Dye Diary (pieced works), 2012. Plant dyed wool, silk and linen. Approx. 6.8 x 3 metres. Photo: Brenton McGeachie

I used seven different natural fabrics in the pieced works to record each dye. These fabrics all take up the plant dyes in unique ways, giving seven different tones from each dye.

 
Brown onion skin on silk satin, silk noil, linen, silk organza, wool, silk/wool voile and linen pre-soaked in soy milk

Brown onion skin on silk satin, silk noil, linen, silk organza, wool, silk/wool voile and linen pre-soaked in soy milk

 

I also used five different mordants to get a wider range of colours

 
Red onion skin samples .  (L-R) water only, soda ash, alum, iron, copper and white vinegar

Red onion skin samples.  (L-R) water only, soda ash, alum, iron, copper and white vinegar

 

I made a small tapestry, approximately 17 x 10 cm, each week of the Dye Diary after dyeing the yarns in one of the weekly dye baths with mordants. Tapestry is a dense and compact medium, quite different to the light and sometimes transparent fabrics of the pieced works. This means the colours from the dyes are made manifest in a different way.
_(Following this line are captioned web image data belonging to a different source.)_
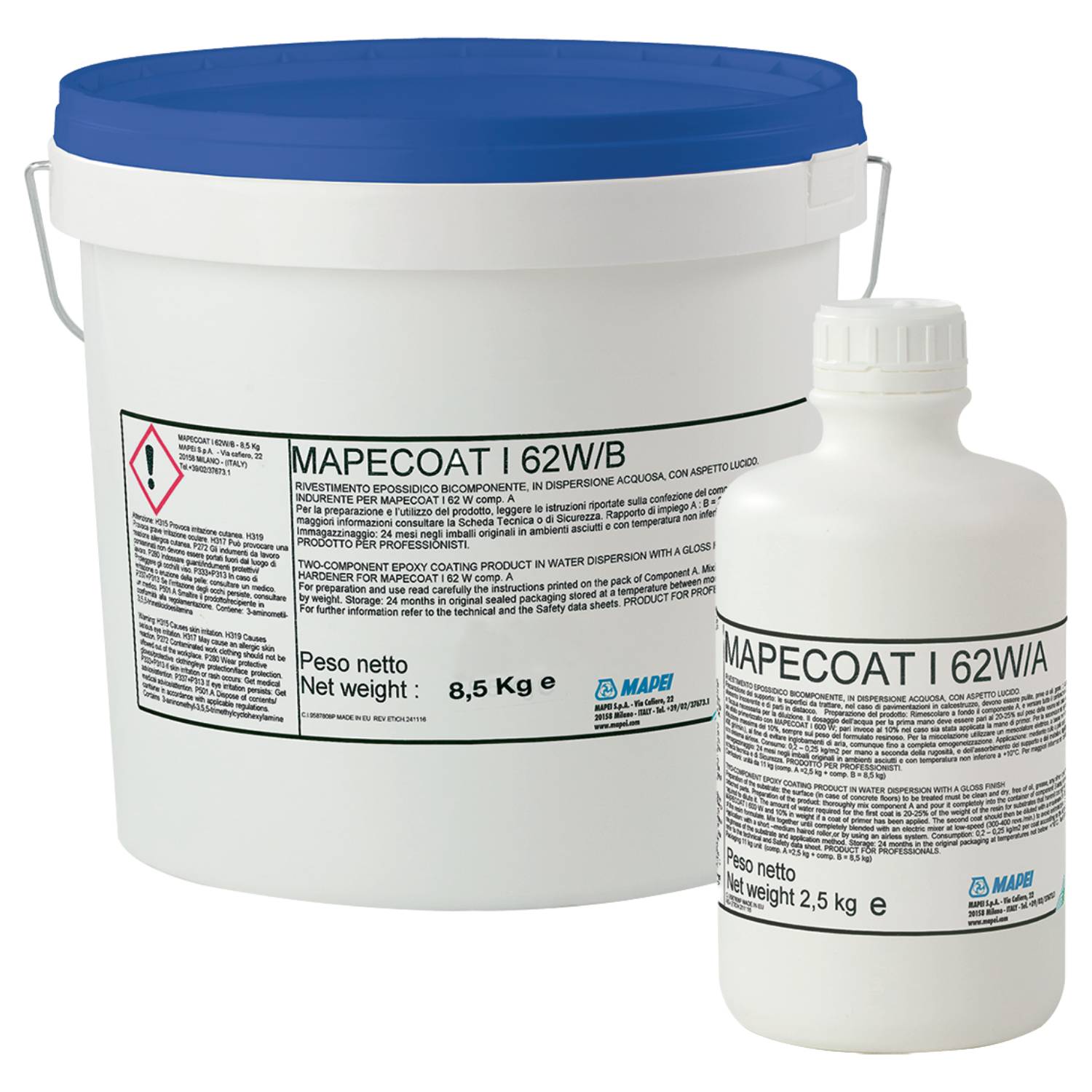 Revestimento Epoxídico Bicomponente Mapei Mapecoat I62 W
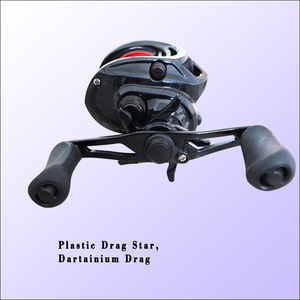 Carretes de Pesca Baitcasting Personalizados 3+1BB 6.4:1 con Carrete de Plástico y Sistema de Freno Estrella <span class=keywords><strong>para</strong></span> Río, Lago y Arroyo - Product Image 3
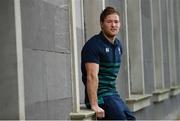 15 November 2018; Kieran Marmion poses for a portrait following an Ireland Rugby press conference at Carton House in Maynooth, Co. Kildare. Photo by Ramsey Cardy/Sportsfile
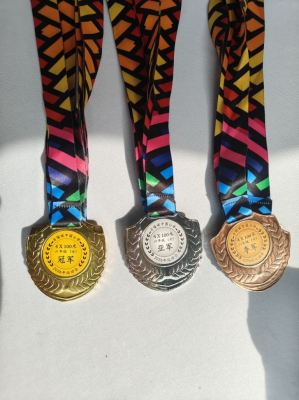 Print Custom Metal Medal for School Sports Day at Kuala Lumpur, Malaysia | School Competition Medal | Sports Award Medal | Gold Silver Bronze Medal | Championship Award | Medal with Ribbon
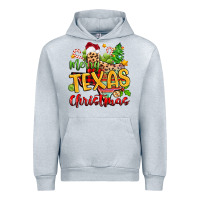 Heather Grey merry texas christmas Urban Hoodie - Zillion Design Studio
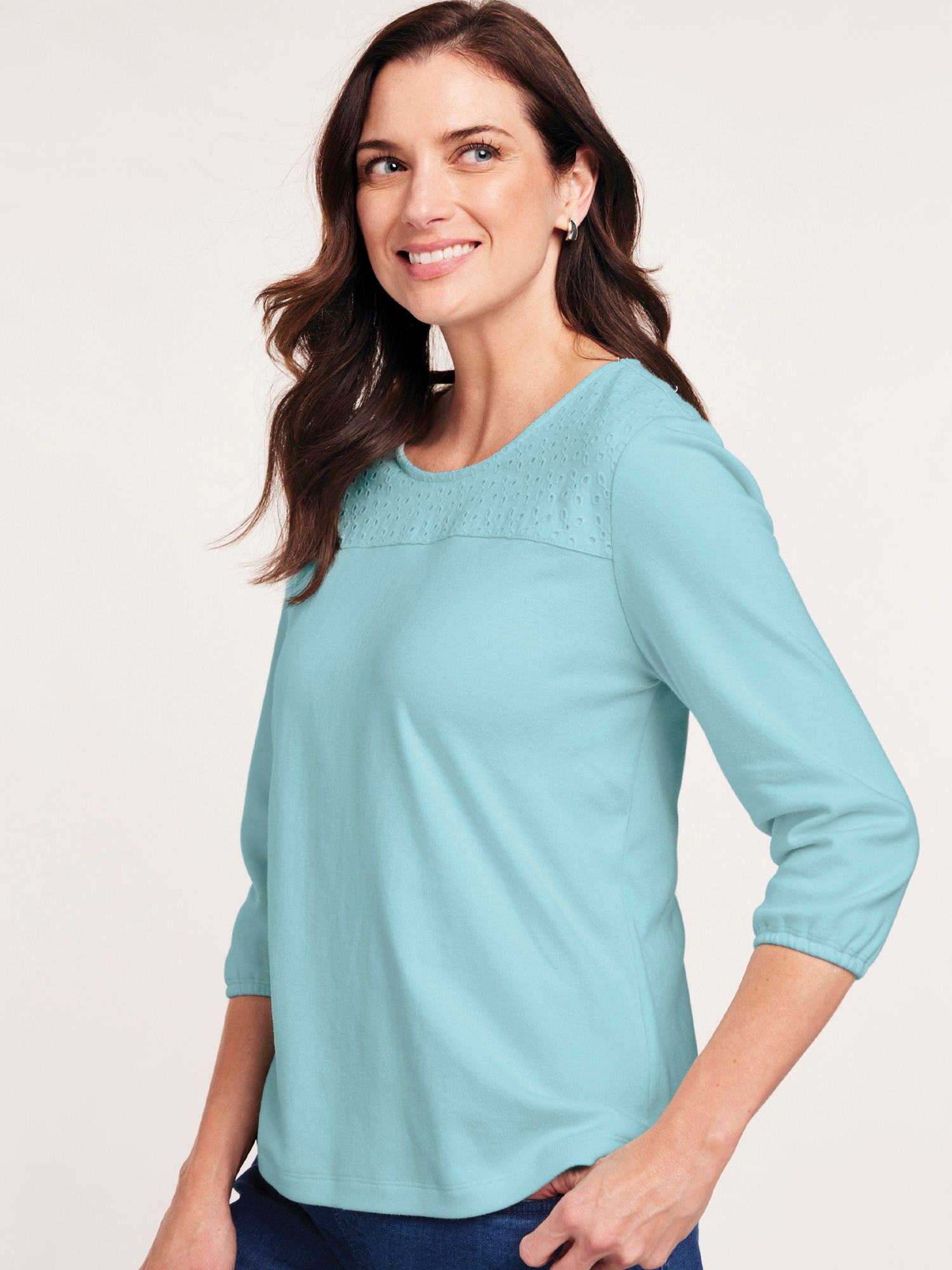 Eyelet Yoke Top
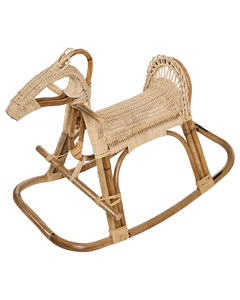 Chaise berçante en rotin tressé, mobilier pour enfants, chaise de jeu pour bébé. - Product Image 4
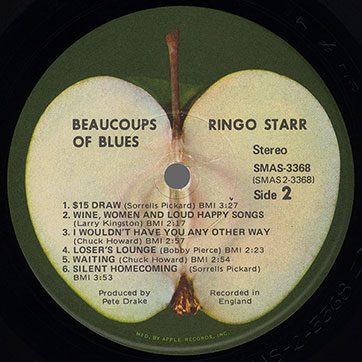 Ringo Starr - BEAUCOUPS OF BLUES (Apple SMAS-3368) - label (var. Winchester), side 2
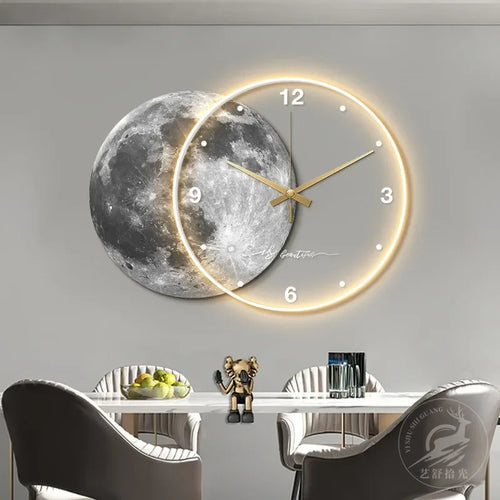 horloge murale design moderne pour décoration intérieure élégante - vue 7 sur 9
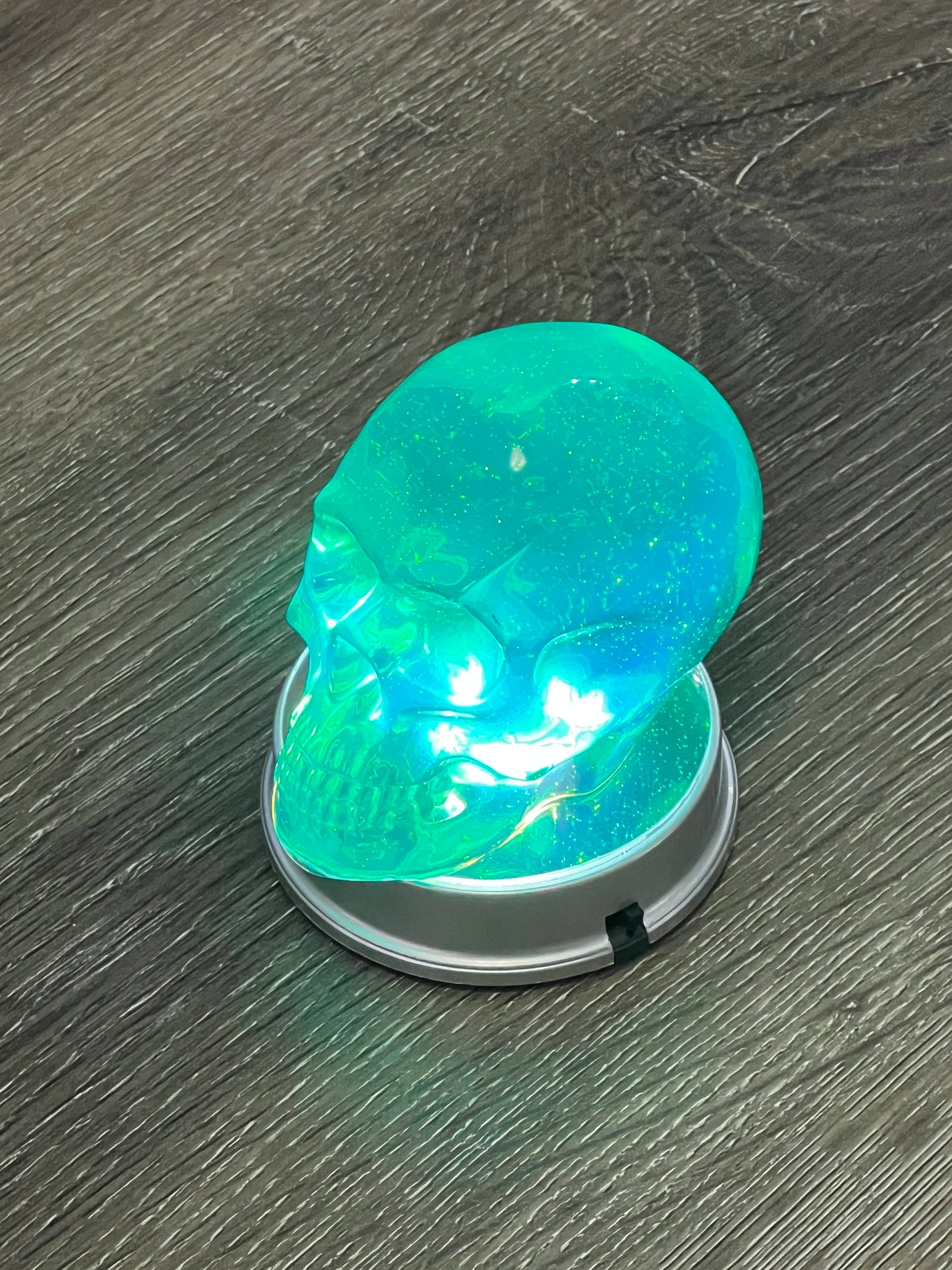 Skull - Lg, green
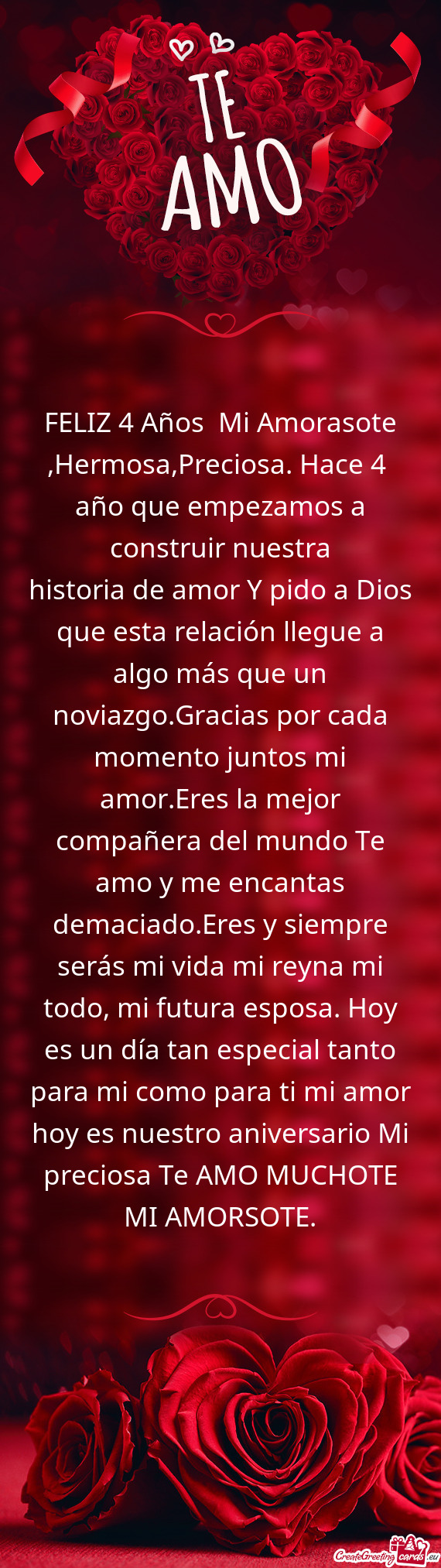 FELIZ 4 Años Mi Amorasote ,Hermosa,Preciosa. Насе 4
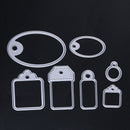 10 PCS Labels Hollow Out Template DIY Cutting Dies Album Decor Paper PTSP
The tapestries revealed some surprising colour outcomes. The first and last tapestries made for this project show distinct colour changes (see below). The yarns for these tapestries were made with flowers from the same tree, at the same time of year, but a year apart. The increased intensity of colour in the second tapestry is obvious, but the reasons for this can only be guessed at without specific and specialist scientific experimentation, experimentation that was beyond the scope of this research. When I collected the flowers for the first tapestry it was raining, and the increased water load in the flowers may account for the ‘diluted’ colours. These uncontrollable variations relate to the poetic possibilities and mysteries of nature, a wonderful reminder that much of what happens in nature is beyond human control. 

 
Acacia baileyana tapestries

Acacia baileyana tapestries

 

Where possible, I pressed the plant materials used to make the dyes and glued them onto paper to create works reminiscent of the botanical samples kept in herbariums . I did this to give more information and detail about the physical conditions of the plants that had created the colours. For example, some leaves had been nibbled by insects, some were fresh and new, and others had changed to their autumn colours. I selected individual leaves, flowers, bark and seedpods as representative of the dye source and for their own unique qualities.